Chip Orders From North America Down in April
The three-month average of worldwide orders was $737 million, 5 percent below March's revised orders of $777 million and 26 percent below the $996 million posted a year earlier, according to Semiconductor Equipment and Materials International, or SEMI.
Equipment billings, a measure of the value of equipment accepted by customers and booked as revenue, was $854 million in April, slightly below March's revised level of $857 million and 5 percent above the $815 million a year earlier.
"Despite hopeful indications in last month's figures, orders for new semiconductor manufacturing equipment remain at relatively low levels," said Stanley Myers, president and chief executive of SEMI.
"The April data reflects continuing uncertainty in the broader markets in regards to recovery in consumer and commercial spending," he said.
Chip equipment makers and their customers have been in an extended market downturn as a result of a general economic slump and corporate spending cutbacks.

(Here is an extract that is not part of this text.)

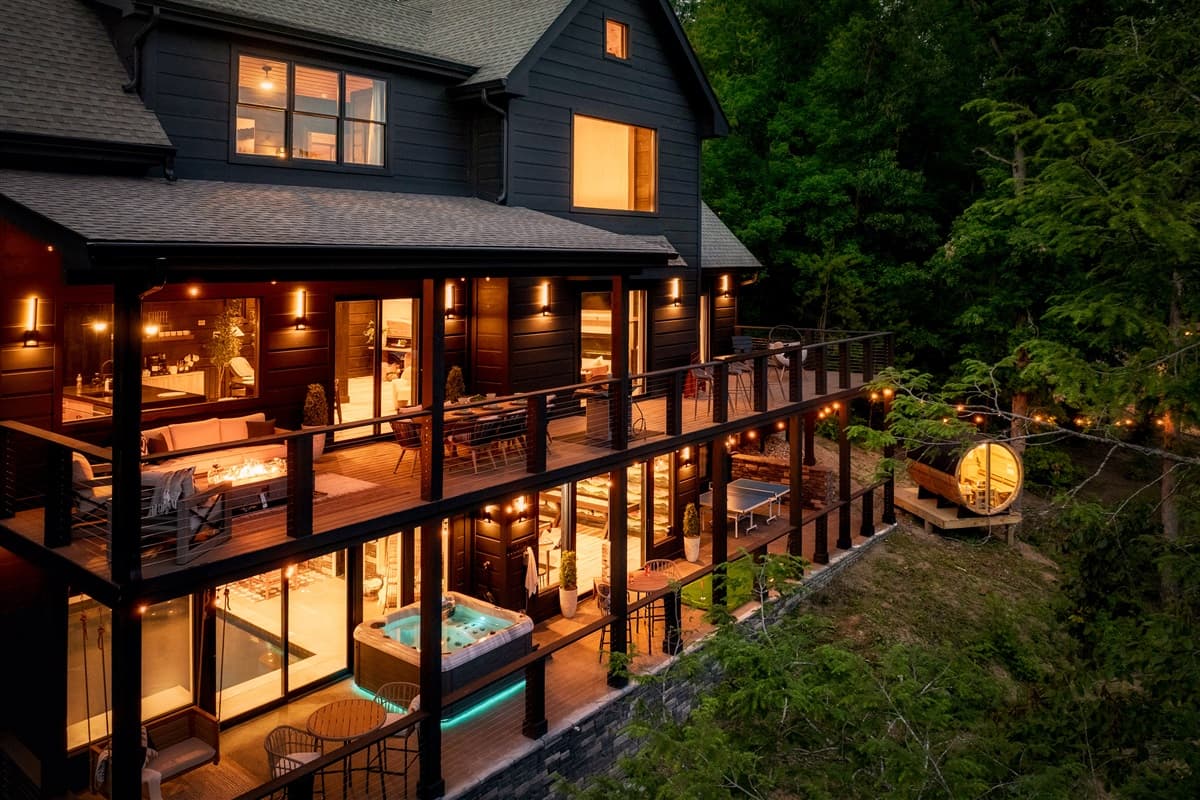 Experience luxury outdoor living on the spacious, illuminated decks of this stunning home, offering multiple areas for dining and lounging while surrounded by a serene wooded landscape. The warm glow of the exterior lights enhances the inviting ambiance fo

Applied Materials Inc. AMAT.O , the world's biggest maker of chip production tools, on Tuesday posted a quarterly loss and said it expected orders to be flat this quarter and spending on wafer fabrication equipment to be flat with last year.
Intel Corp. INTC.O , the largest maker of chips, has said it plans to cut its capital spending this year by as much as a quarter, to a range of $3.5 billion to $3.9 billion.

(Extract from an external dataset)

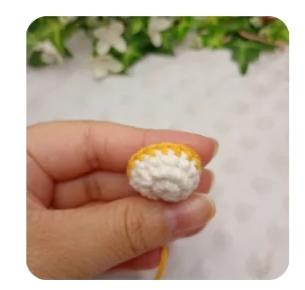 Mano sosteniendo una pequeña pieza de crochet blanca y amarilla para el amigurumi Zayu.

Last year, worldwide chip equipment sales fell about 32 percent from 2001 as chip makers cut back on plans to expand and upgrade factories, according to SEMI statistics.
The statistics indicate a ratio of orders to billings, known as the book-to-bill ratio, of 0.86, which means that $86 worth of new orders were received for every $100 of product billed for the month, the San Jose, California-based trade group said.
North American chip equipment manufacturers represent more than half the total world market.
While the monthly book-to-bill numbers are considered to be a poor barometer of chip equipment sales they can serve as a guide to the severity of a downturn.
Data released on Thursday from the U.S. Federal Reserve Board showed that fab utilization at semiconductor and related electronic component plants in the United States was 65.4 percent in April, compared to 65 percent in March.